AIM OF THE EXERCISE: For this exercise, output the entries below exactly from the line that holds "2022 Panini Prizm" to the line that holds "Breast Cancer Faith", both ends included. No pictures belong in the copy.

==*==

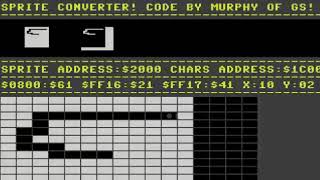 COMMODORE 16 116 PLUS 4 +4 Sprite Converter 1993 11 13GSHUenFW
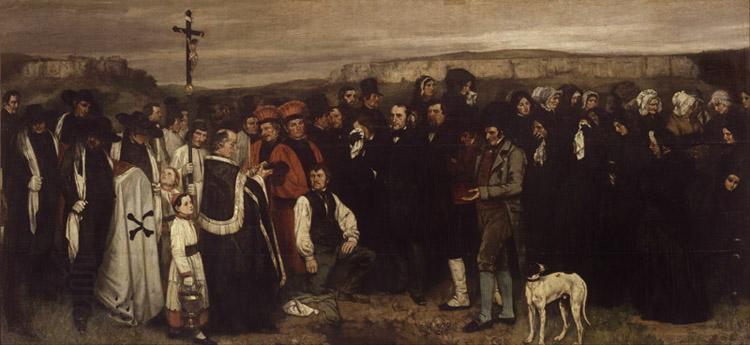 Gustave Courbet Burial at Ornans (mk09) China oil painting art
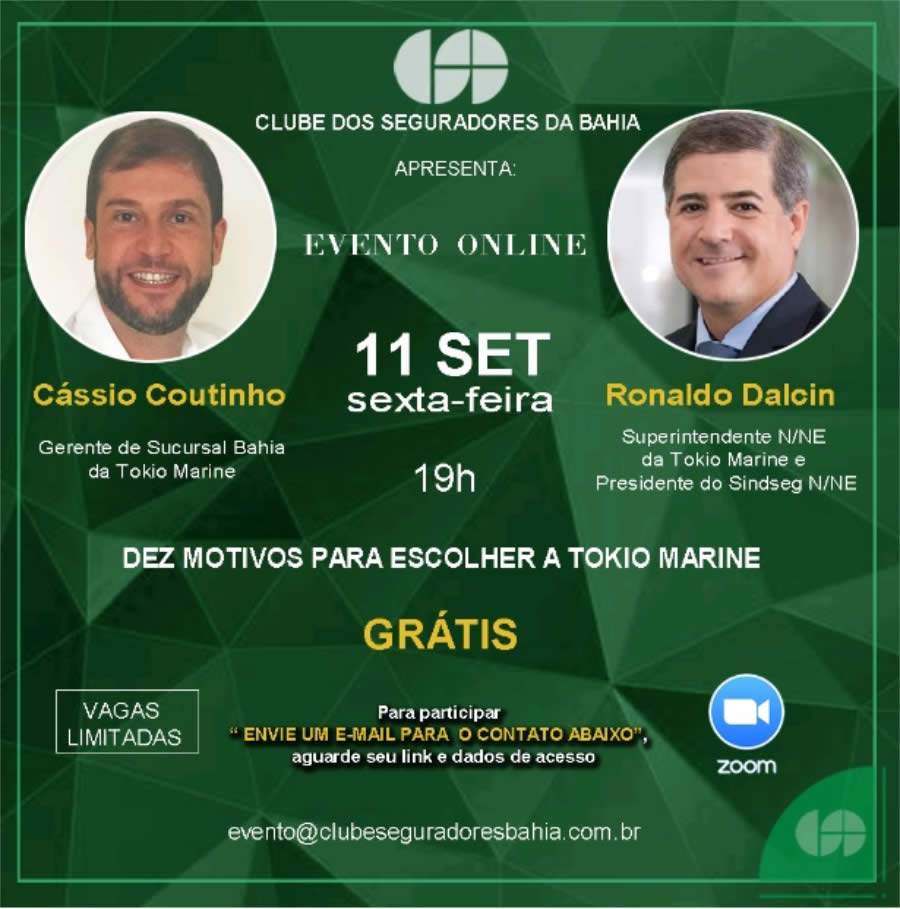 Clube dos Seguradores da Bahia recebe executivos da TOKIO MARINE
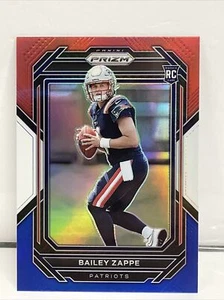 2022 Panini Prizm Red White & Blue Bailey Zappe RC New England Patriots #305 !!! - Bild 1 von 3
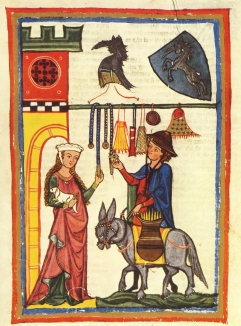 Bildnachweis: Codex Manesse – Die Miniaturen der Großen Heidelberger Liederhandschrift, Ingo F. Walther, Insel Verlag Frankfurt am Main 1988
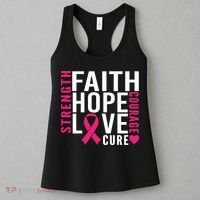 Breast Cancer Faith Hope Love Courage Women's Tank Top thumb 3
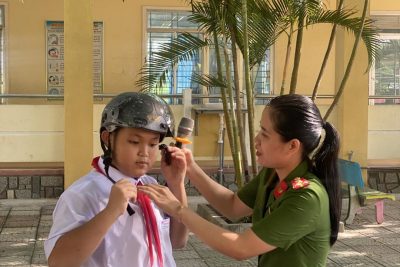 TRƯỜNG THCS NGUYỄN NGHIÊM TỔ CHỨC TUYÊN TRUYỀN AN NINH TRẬT TỰ VÀ AN TOÀN GIAO THÔNG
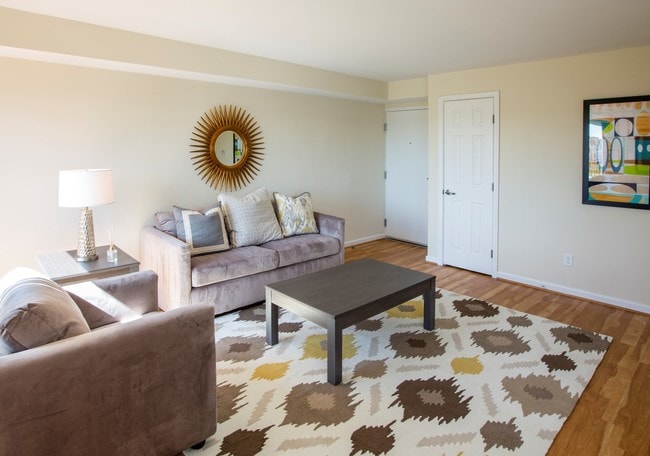 Living Room with Hardwood Floor - Longview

==*==

ANSWER:
 2022 Panini Prizm Red White & Blue Bailey Zappe RC New England Patriots #305 !!! - Bild 1 von 3
 Bildnachweis: Codex Manesse – Die Miniaturen der Großen Heidelberger Liederhandschrift, Ingo F. Walther, Insel Verlag Frankfurt am Main 1988
 Breast Cancer Faith Hope Love Courage Women's Tank Top thumb 3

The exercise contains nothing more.